1. It is clear that the above-mentioned apparitions,
visions, locutions and revelations up to now cannot be presented or held to have a serious foundation for truth and authenticity.

2. Priests should absolutely abstain from whatever would contribute to create confusion among the Christian people. Thus they should cautiously avoid, as far as it depends on them, the organization of visits or pilgrimages to the place referred to.

3. Priests should instruct the faithful with
wisdom and charity concerning the true feeling of the Church in these matters. They should make them understand that our faith does not require such aids of supposed revelations and miracles to maintain it.

We believe that God has revealed Himself to
us and that the Church teaches us: in this category belong the clear and authentic miracles of Jesus Christ. He gives them to us as a proof of His doctrine, to which there is nothing more to add. If He — by Himself, or by means of His Most Holy Mother — wishes to speak to us, we should be attentive in listening to His words and saying like Samuel: “Speak Lord, your servant hears."

4. Priests likewise should instruct the faithful
that the best disposition for hearing the voice of God is a perfect, complete and humble submission to the teachings of the Church; and that no one can hear with fruit the voice of God in heaven if he rejects with pride the doctrine of Mother Church, who welcomes us and sanctifies us on this earth.

5. As for you beloved faithful, do not allow
yourselves to be seduced by any wind of doctrine. Hear with submission and trust the teachings of your priests, placed at your side to be teachers of the truth in the Church.

I know that you have been impatiently waiting, and that confusion has burdened many minds in the face of the events that have recently occurred. I would wish to bring to your conscience the peace and tranquility that is the basic foundation of a calm and rational judgment. Let no one take away the precious gift of peace that rests in God and “do not be alarmed, either by the spirit, or by words, or by writing," as St.

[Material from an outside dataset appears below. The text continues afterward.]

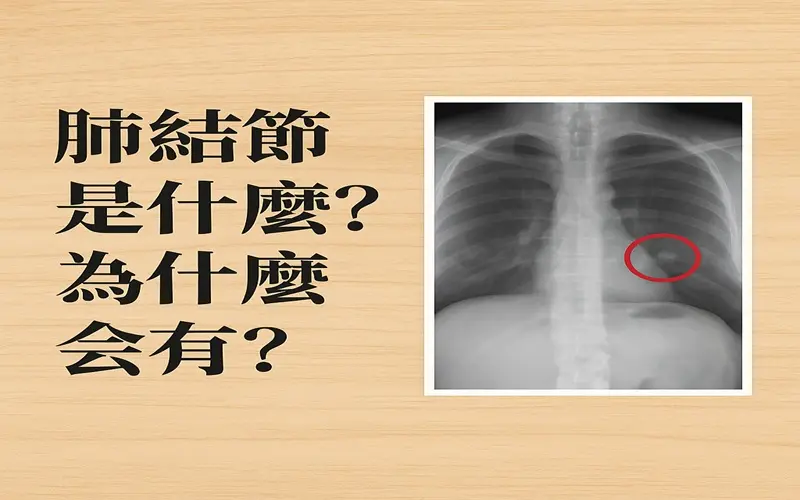 肺結節是什麼-為什麼會有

Paul said to the Thessalonians.

Having these our sentiments, most dearly
beloved sons, let us hope that the Virgin, whom we hail under the title of Sedes Sapientiae — Seat of Wisdom — will enlighten us to know everything that is useful for the glory of her Son and our salvation.

Apostolic Administrator

1. The use of the word we in place of I is what could be called an authoritarian plural or a royal plural. Up until recently it was the standard form used, almost obligatory, in documents from the ecclesiastical hierarchies. I point this out, since readers may wonder at the use of the expression.